BİZİM HİKAYELERİMİZ YÜZ YIL YETER◊ Çekimlerin zor geçtiğini söylediniz. Sizi en çok zorlayan sahneler hangileriydi?- Filmin kendisi çok zordu. Bu arada yardımcı oyuncuların gerçekten çok güzel çalıştığını belirtmeliyim, onları tebrik ediyorum. Sabahtan gece yarılarına kadar şikayet etmeden, coşkuyla, özveriyle çalıştılar.
Aynı o geceki birlik beraberliği hissettirdiler. Belgesel film niteliğinde, her evde her arşivde olması gereken bir film yaptık.
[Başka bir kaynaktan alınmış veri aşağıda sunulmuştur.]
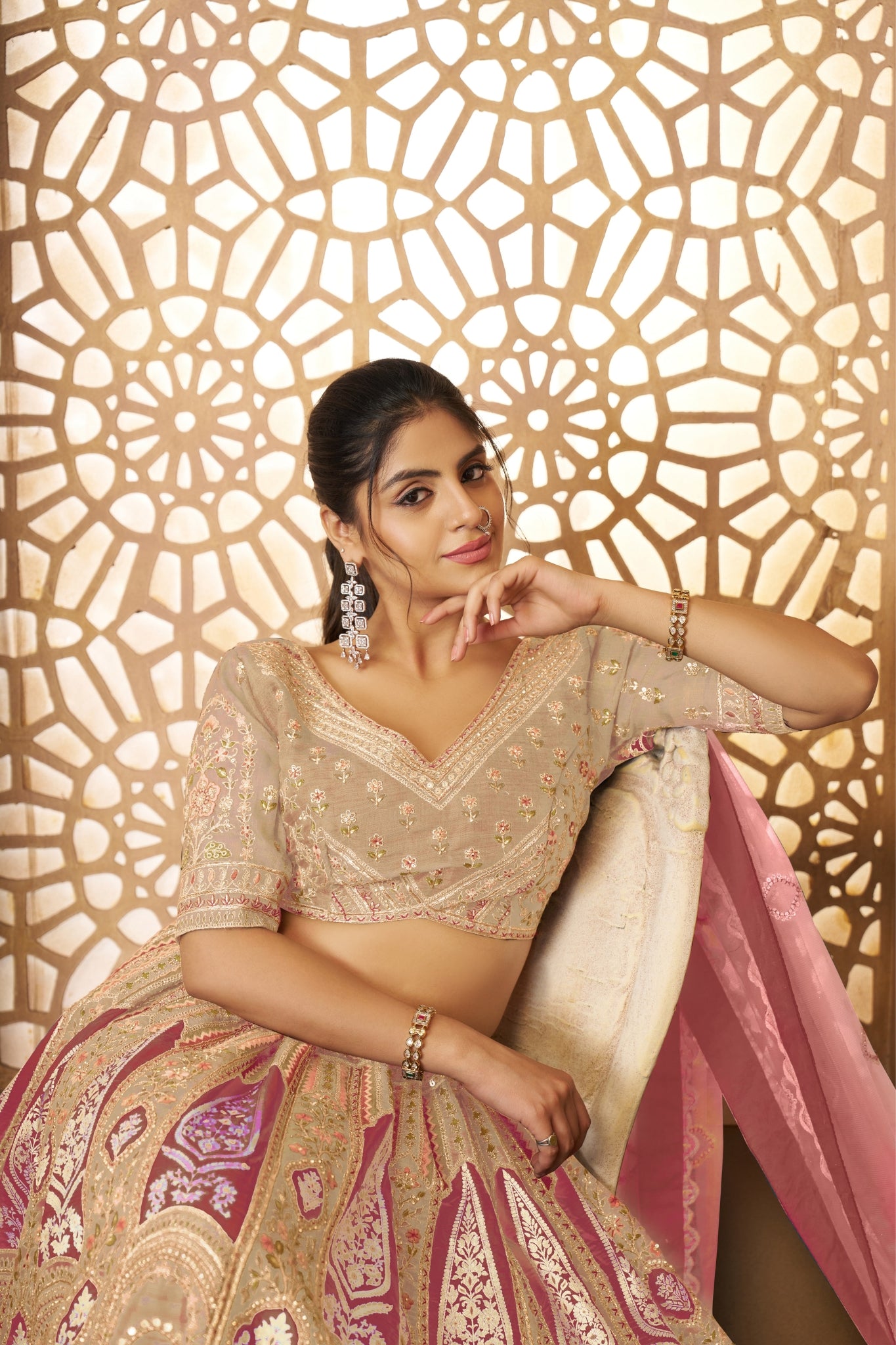 Wedding Special Designer Aari Embroidery Work Banarasi Silk Lehenga Choli Set
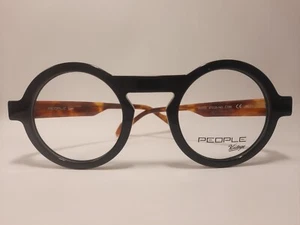 People Round Eyeglasses Thick Spotted Beige Black - Picture 1 of 5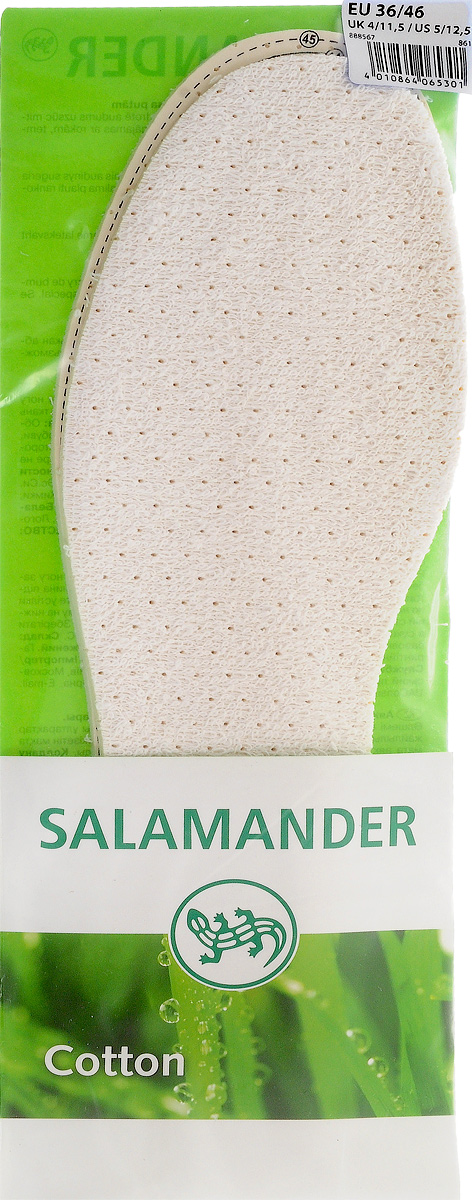 SALAMANDER Cotton Стелька хлопок латекс универсальнаяNTS-101C blue SALAMANDER Cotton Стелька хлопок латекс универсальнаяNTS-101C blueМягкая амортизирующая стелька. Пригодна для носки на босу ногу. Хлопок на основе вспененного латекса с чистым активированным углем поглощает влагу и неприятные запахи.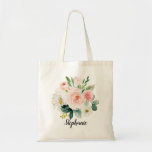 Pastel Blush Pretty Pink Floral Botanical Wedding Tote Bag<br><div class="desc">Elegant Blush pink / peach spring floral botanical wedding favour tote bag featuring a bouquet of soft pastel watercolor roses, peonies and hydrangeas in shades of blush pink, peach and cream with lush green botanical leaves and eucalyptus leaves. A modern design choice that is perfect for spring and summer sage...</div>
◊ Aynı zamanda yüksek bütçeyle çekilen bir film olduğu söyleniyor...- Evet, yüksek bütçeliydi. Bizim geçmişimizde çok büyük hikayeler var. Tarihimizi anlatabilmek için de büyük bütçeli prodüksiyonlara ihtiyacımız var tabii. Dilerim bu film örnek olur, gişesi bol olur ve diğerleri için yol açar. Bütün dünyaya derdimizi anlatabileceğimiz filmler çekeriz inşallah.
Çünkü daha anlatacak çok şeyimiz var. Hollywood 200-300 milyon dolarlara filmler çekiyor. Ama onların hikayeleri bitti, bizde ise hikaye çok. 150-160 ülkeye dizi ihraç ediyoruz. Ben kendimden biliyorum, rol aldığım diziler 127 ülkede oynuyor. Bunu sinema sektöründe de yapmalıyız. Bizim hikayelerimiz yüz yıl yeter.
ASLIHAN KARALAR: Türk halkının gücünü gördük
◊ “15/07 Şafak Vakti” filminin kadrosunda yer almak nasıl bir duygu sizin için?
Aslıhan Karalar: Böyle bir projenin içinde olmayı çok istemiştim. Teklif gelince de kabul ettim ve başladım. Kendimi çok şanslı hissediyorum.
◊ Siz hangi rolü canlandırdınız?
- Cevdet’in (Erkan Petekkaya) kızı Elif’i canlandırdım. Yusuf’un (Baran Bölükbaşı) ablası. Annesini yeni kaybetmiş, yokluğuna alışamamış bir avukat. Çok yoğun duygular yaşayan bir karaktere hayat verdim.
UÇAKLARIN KORKUNÇ SESİNE ŞAHİT OLDUM
◊ 15 Temmuz gecesi neredeydiniz? Neler yaşadınız?
- Ben ailemle Ankara’daydım. Alçaktan uçan uçakların korkunç sesine şahit oldum. O gece halkın gücünün üstünde bir güç olmadığını gördük. Tüm şehitlerimize Allah’tan rahmet diliyorum, gazilerimize ise minnetlerimi sunuyorum.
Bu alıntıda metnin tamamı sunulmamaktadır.